The latest Department of Energy and Climate Change figures show that 1,366 renewable energy projects have been approved and are awaiting or undergoing construction, while there are a further 417 currently under consideration.

Of the projects under consideration, 210 are in England while 138 are in Scotland, 37 in Wales and 32 in Northern Ireland.

EDF Energy is set to apply for a multi-billion development consent order for its Hinkley Point C (pictured) nuclear plans later this year, underlining the commitment to large-scale construction from energy players.

But, on a smaller scale, two major energy-from-waste (EfW)applications from Covanta UK are already with the IPC, including the £400m Brig y Cwm development at Merthyr Tydfil.

Business intelligence unit Glenigan said the total value of EfW projects currently stands at around £11bn (see p56/57), with contractors such as Interserve and Kier among those to have recently won work in the sector.

German developer MVV showed that total cost will continue to be a major factor when it said Kier was chosen to build its £40m EfW plant in Plymouth, due in part to its innovative approach to cutting costs while delivering the project.

Another aspect of the EMR, ensuring back-up supply to mitigate fluctuation in wind power, could offer a lucrative short-term market in gas-fired power stations, said Duncan Sinclair, director of Redpoint Energy, which provided analysis for the government’s original EMR consultation.

Mr Duncan said: “The government is really committing to long-term targets and as soon as we see more clarity you will see projects start to come on-stream quicker.

“There needs to be investment in skills and technology and we are already seeing more academic courses in nuclear.”

Mark Stewart, EC Harris partner for energy, manufacturing

So who were the real winners from the government’s long-anticipated Electricity Market Reform last week? In truth, the report contained something for everyone although many received less certainty than they would have liked.

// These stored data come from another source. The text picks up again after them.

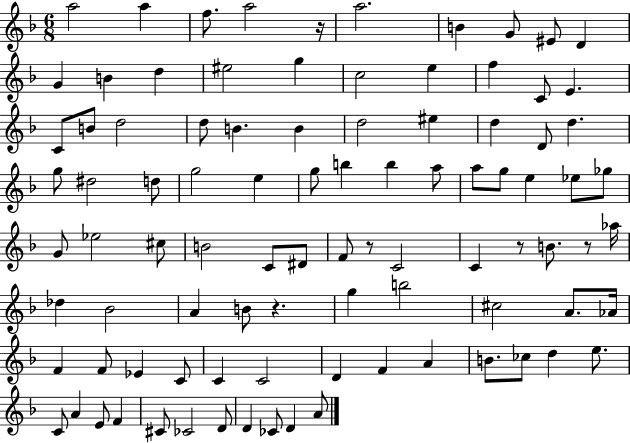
X:1
T:Untitled
M:6/8
L:1/4
K:F
a2 a f/2 a2 z/4 a2 B G/2 ^E/2 D G B d ^e2 g c2 e f C/2 E C/2 B/2 d2 d/2 B B d2 ^e d D/2 d g/2 ^d2 d/2 g2 e g/2 b b a/2 a/2 g/2 e _e/2 _g/2 G/2 _e2 ^c/2 B2 C/2 ^D/2 F/2 z/2 C2 C z/2 B/2 z/2 _a/4 _d _B2 A B/2 z g b2 ^c2 A/2 _A/4 F F/2 _E C/2 C C2 D F A B/2 _c/2 d e/2 C/2 A E/2 F ^C/2 _C2 D/2 D _C/2 D A/2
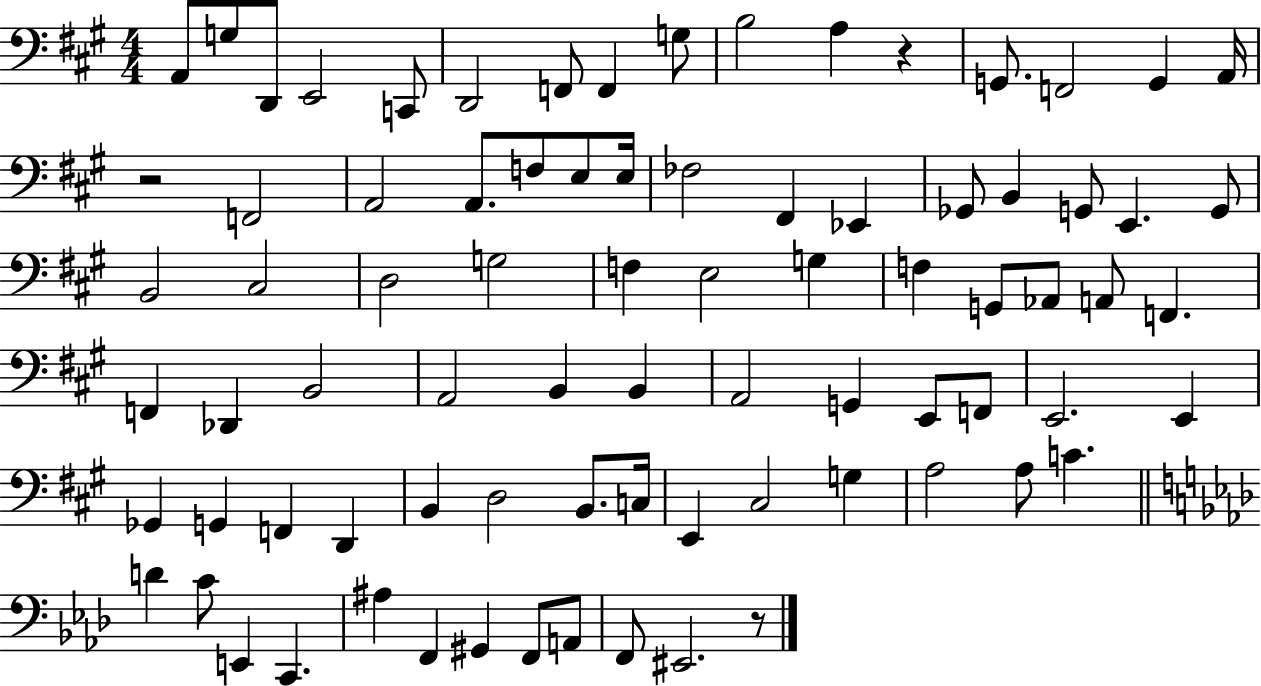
{
  \clef bass
  \numericTimeSignature
  \time 4/4
  \key a \major
  a,8 g8 d,8 e,2 c,8 | d,2 f,8 f,4 g8 | b2 a4 r4 | g,8. f,2 g,4 a,16 | \break r2 f,2 | a,2 a,8. f8 e8 e16 | fes2 fis,4 ees,4 | ges,8 b,4 g,8 e,4. g,8 | \break b,2 cis2 | d2 g2 | f4 e2 g4 | f4 g,8 aes,8 a,8 f,4. | \break f,4 des,4 b,2 | a,2 b,4 b,4 | a,2 g,4 e,8 f,8 | e,2. e,4 | \break ges,4 g,4 f,4 d,4 | b,4 d2 b,8. c16 | e,4 cis2 g4 | a2 a8 c'4. | \break \bar "||" \break \key aes \major d'4 c'8 e,4 c,4. | ais4 f,4 gis,4 f,8 a,8 | f,8 eis,2. r8 | \bar "|."
}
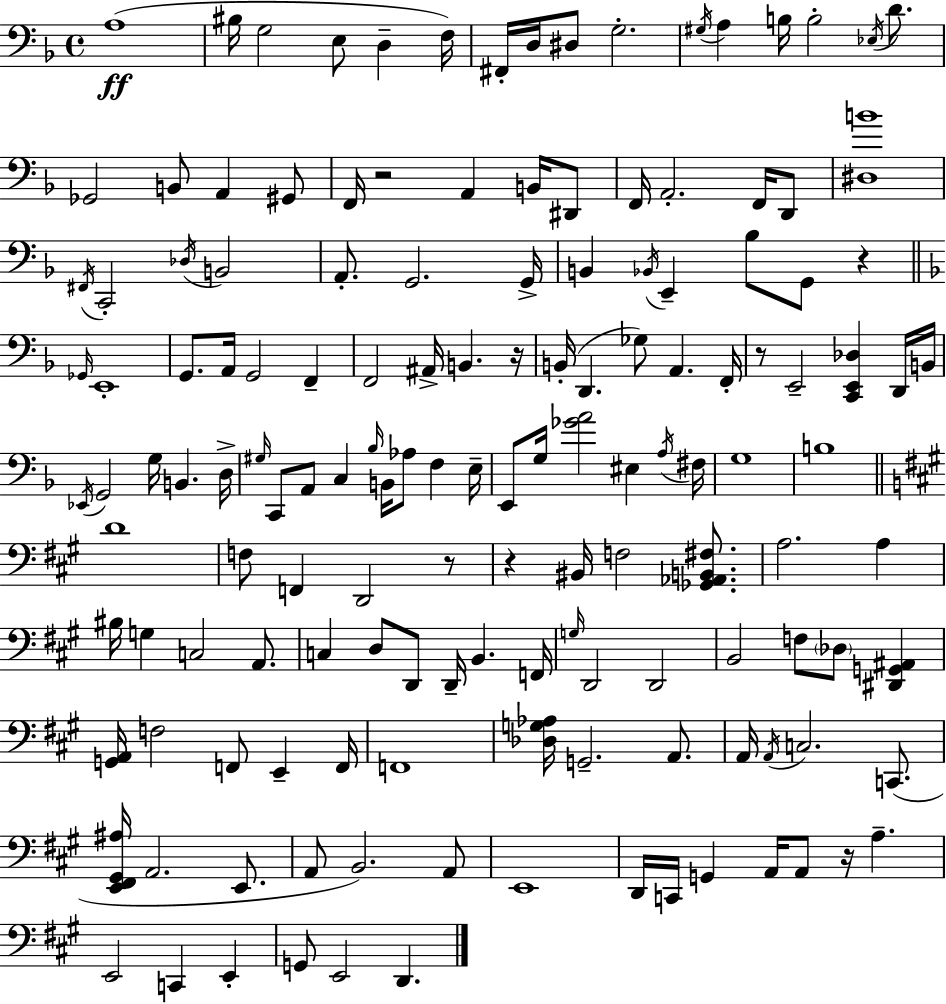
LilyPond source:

{
  \clef bass
  \time 4/4
  \defaultTimeSignature
  \key f \major
  a1(\ff | bis16 g2 e8 d4-- f16) | fis,16-. d16 dis8 g2.-. | \acciaccatura { gis16 } a4 b16 b2-. \acciaccatura { ees16 } d'8. | \break ges,2 b,8 a,4 | gis,8 f,16 r2 a,4 b,16 | dis,8 f,16 a,2.-. f,16 | d,8 <dis b'>1 | \break \acciaccatura { fis,16 } c,2-. \acciaccatura { des16 } b,2 | a,8.-. g,2. | g,16-> b,4 \acciaccatura { bes,16 } e,4-- bes8 g,8 | r4 \bar "||" \break \key f \major \grace { ges,16 } e,1-. | g,8. a,16 g,2 f,4-- | f,2 ais,16-> b,4. | r16 b,16-.( d,4. ges8) a,4. | \break f,16-. r8 e,2-- <c, e, des>4 d,16 | b,16 \acciaccatura { ees,16 } g,2 g16 b,4. | d16-> \grace { gis16 } c,8 a,8 c4 \grace { bes16 } b,16 aes8 f4 | e16-- e,8 g16 <ges' a'>2 eis4 | \break \acciaccatura { a16 } fis16 g1 | b1 | \bar "||" \break \key a \major d'1 | f8 f,4 d,2 r8 | r4 bis,16 f2 <ges, aes, b, fis>8. | a2. a4 | \break bis16 g4 c2 a,8. | c4 d8 d,8 d,16-- b,4. f,16 | \grace { g16 } d,2 d,2 | b,2 f8 \parenthesize des8 <dis, g, ais,>4 | \break <g, a,>16 f2 f,8 e,4-- | f,16 f,1 | <des g aes>16 g,2.-- a,8. | a,16 \acciaccatura { a,16 } c2. c,8.( | \break <e, fis, gis, ais>16 a,2. e,8. | a,8 b,2.) | a,8 e,1 | d,16 c,16 g,4 a,16 a,8 r16 a4.-- | \break e,2 c,4 e,4-. | g,8 e,2 d,4. | \bar "|."
}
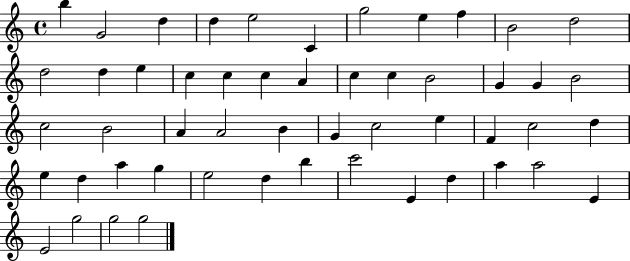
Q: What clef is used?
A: treble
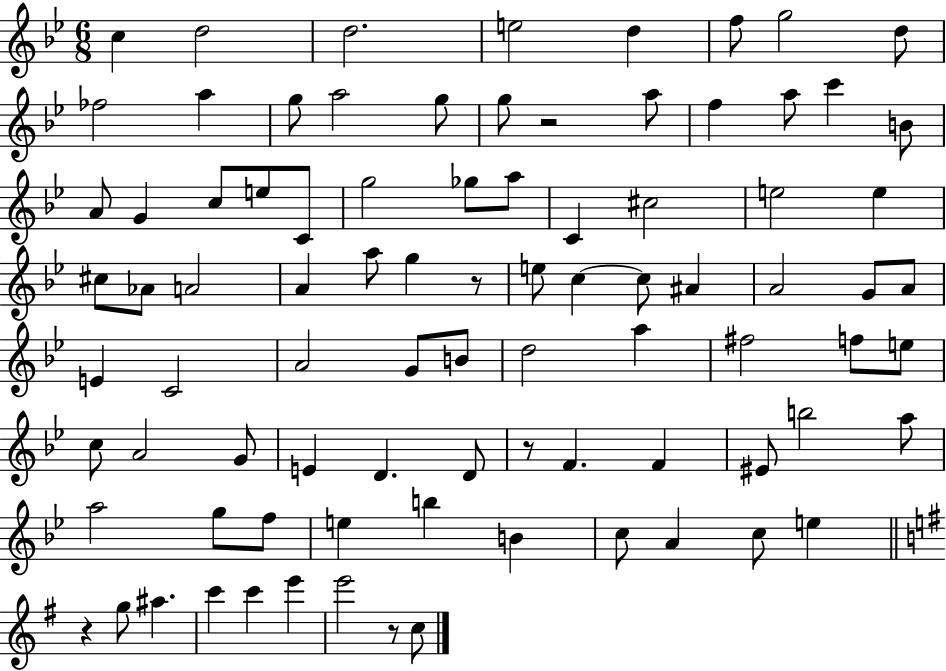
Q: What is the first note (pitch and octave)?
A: C5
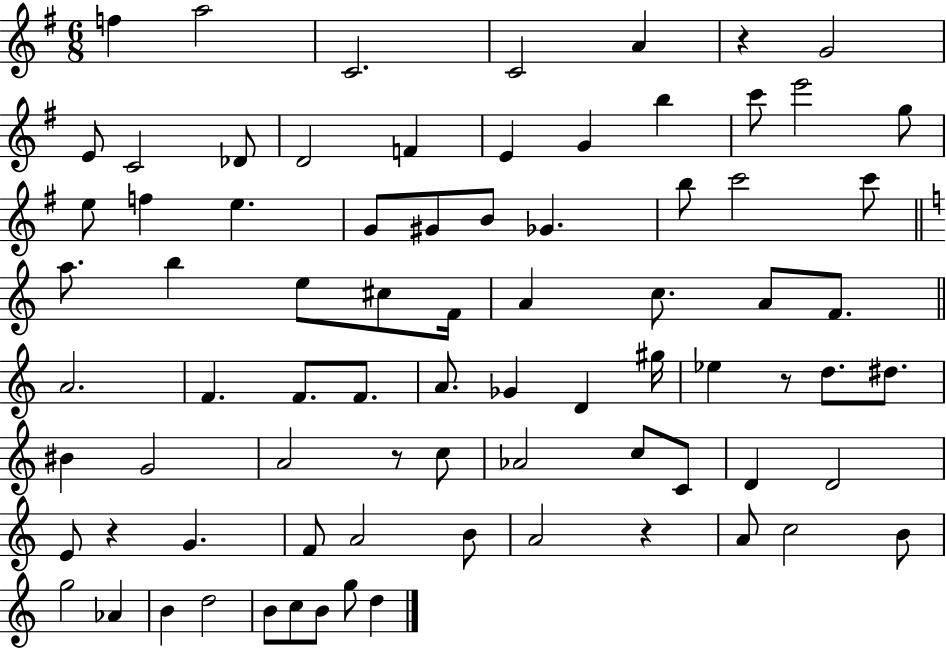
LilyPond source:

{
  \clef treble
  \numericTimeSignature
  \time 6/8
  \key g \major
  f''4 a''2 | c'2. | c'2 a'4 | r4 g'2 | \break e'8 c'2 des'8 | d'2 f'4 | e'4 g'4 b''4 | c'''8 e'''2 g''8 | \break e''8 f''4 e''4. | g'8 gis'8 b'8 ges'4. | b''8 c'''2 c'''8 | \bar "||" \break \key a \minor a''8. b''4 e''8 cis''8 f'16 | a'4 c''8. a'8 f'8. | \bar "||" \break \key c \major a'2. | f'4. f'8. f'8. | a'8. ges'4 d'4 gis''16 | ees''4 r8 d''8. dis''8. | \break bis'4 g'2 | a'2 r8 c''8 | aes'2 c''8 c'8 | d'4 d'2 | \break e'8 r4 g'4. | f'8 a'2 b'8 | a'2 r4 | a'8 c''2 b'8 | \break g''2 aes'4 | b'4 d''2 | b'8 c''8 b'8 g''8 d''4 | \bar "|."
}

Crucially however, it now looks clear that the UK is working towards a 2030 timeframe. This is to be welcomed as it offers a realistic window in which to secure the levels of funding required to decarbonise the electricity market and also provides greater visibility that will enable the supply chain to get in place.

Low-carbon nuclear was the undoubted winner and with mechanisms including a carbon floor price and Contracts for Difference in place, we’re likely to see phase two of nuclear new-build accelerate to try and deliver 30GW by 2030. 

On a more near-term basis we can expect to see a dash for gas with CCGT a proven technology that will attract funding and which can quickly fill the capacity gap between 2012 and 2018 when new-build nuclear and renewable projects are expected to come online.

Offshore wind also received support that it’s part of the equation although the immediate emphasis is likely to be elsewhere until the industry finds a way to reduce its costs by at least 30 per cent over the next decade.

With greater visibility now on offer, the construction industry needs to focus its efforts on ensuring it can service the work on offer over the next twenty years.

In areas like gas and gas storage there is already sufficient knowledge but immediate action is needed to try and increase the talent and skills that will be needed to build the next-generation of nuclear plants.